On Tuesday, June 14, the 44-year-old Mace defeated Trump-backed MAGA challenger Katie Arrington by 8% in a GOP primary in South Carolina’s 1st Congressional District. And Mace will be taking on Democratic nominee Annie Andrews in the general election.

Mace is far from a Never Trumper, but after the January 6, 2021 insurrection, Mace criticized Trump vehemently — although she didn’t vote to impeach him, only censure him. Furious with Mace for calling him out, Trump angrily railed against her for months.

Rep. Nancy Mace on the Impeachment of President Trumpyoutu.be

Mace also angered MAGA extremists in her party when, in November 2021, she condemned Rep. Lauren Boebert of Colorado for hateful anti-Islam remarks aimed at progressive Rep. Ilhan Omar of Minnesota — which infuriated far-right Rep. Marjorie Taylor Greene of Georgia. Mace wasn’t shy about standing up to Greene, and the two of them exchanged insults during a bitter, ugly feud.

On February 10, Mace became the butt of jokes when she posted, on Twitter, a video that showed her praising Trump and groveling pathetically with New York City’s Trump Tower in the background. The video didn’t impress Trump, who continued to rail against her and endorsed Arrington.

Trump, during the primary, slammed Mace as “nasty, disloyal, and bad for the Republican Party.” But after she defeated Arrington, Trump had a surprising response. Instead of falsely accusing Mace of stealing the election — which is the type of thing he frequently does — or coming up with a nonsense voter fraud conspiracy theory, Trump congratulated her.

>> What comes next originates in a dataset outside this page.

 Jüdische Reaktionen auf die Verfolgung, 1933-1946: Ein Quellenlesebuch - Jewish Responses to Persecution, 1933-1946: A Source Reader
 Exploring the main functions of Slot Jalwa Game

On his social media platform Truth Social, Trump wrote, “Katie Arrington was a long shot but ran a great race and way over performed. Congrats to Nancy Mace, who should easily be able to defeat her Democrat opponent!”

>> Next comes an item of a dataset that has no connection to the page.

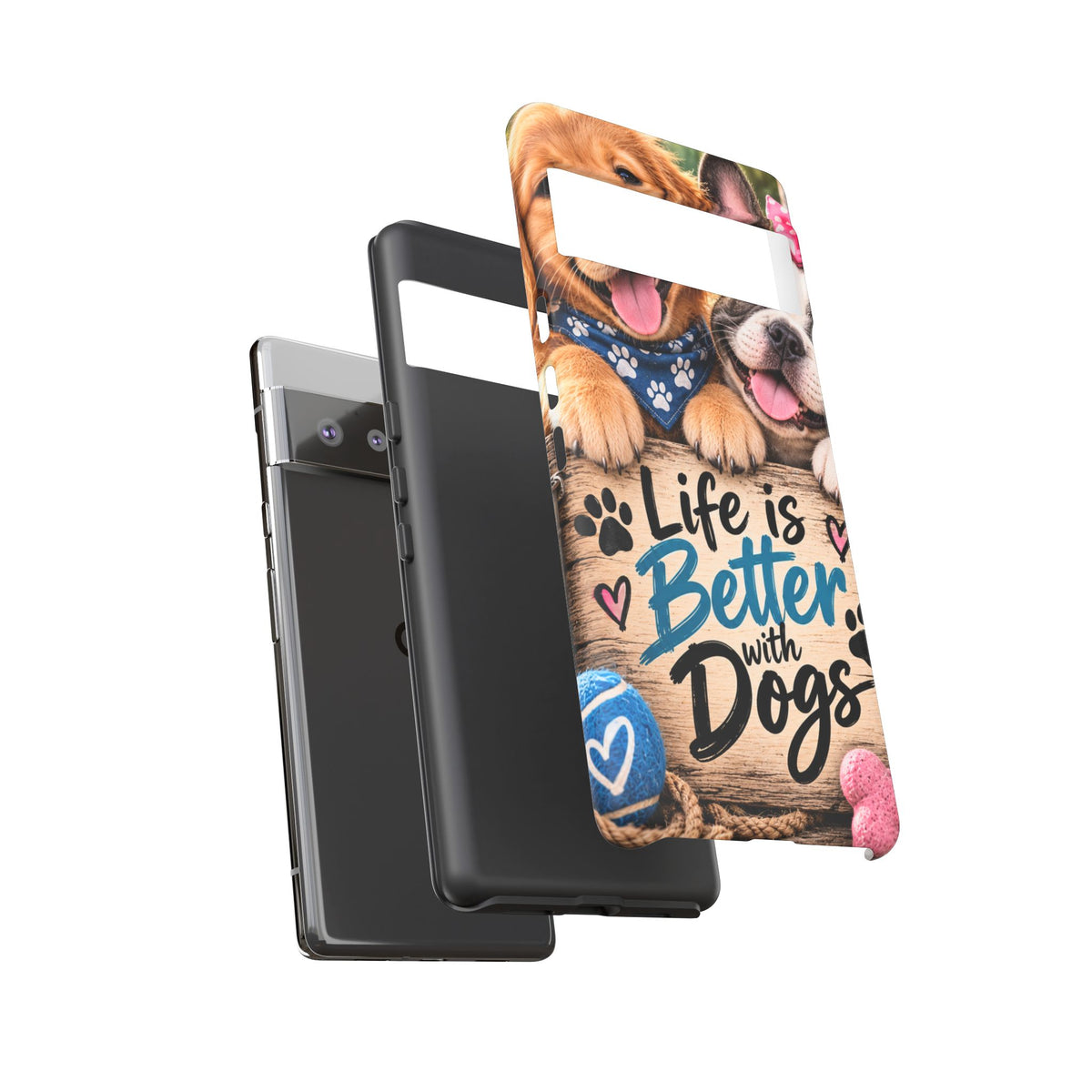 Phone Case — "Life Is Better with Dogs" Cute Pawprint Dog Lover Protective Case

Journalist Elaine Godfrey, in an article published by The Atlantic on June 15, recalls how pathetic Mace’s February 2022 video was.

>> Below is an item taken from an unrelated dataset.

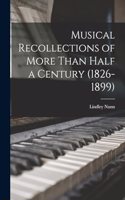 Musical Recollections of More Than Half a Century (1826-1899)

“The video was the very definition of cringe,” Godfrey recalls. “One day after Donald Trump endorsed her Republican primary opponent, freshman Rep. Nancy Mace filmed a two-minute clip of herself outside the shiny black facade of Trump Tower in Manhattan — approximately 800 miles from her South Carolina district — to remind her followers that she was still loyal to the former president…. The move looked desperate because it was. Mace had been extremely critical of Trump after the Capitol attack on January 6, but blowback from the MAGA right, and her fellow Republican lawmakers, had reminded her to tread more carefully.”

In the video, Mace claimed that when Trump was in office, “America was stronger all around the world, and quite frankly, freedom and democracy was stronger all around the world.” But 14 days after Mace posted that video, Russian forces, on orders from President Vladimir Putin — who Trump openly admired — launched a brutal invasion of Ukraine, causing millions of refugees to flea to other countries and creating the worst military conflict in Europe since World War 2.”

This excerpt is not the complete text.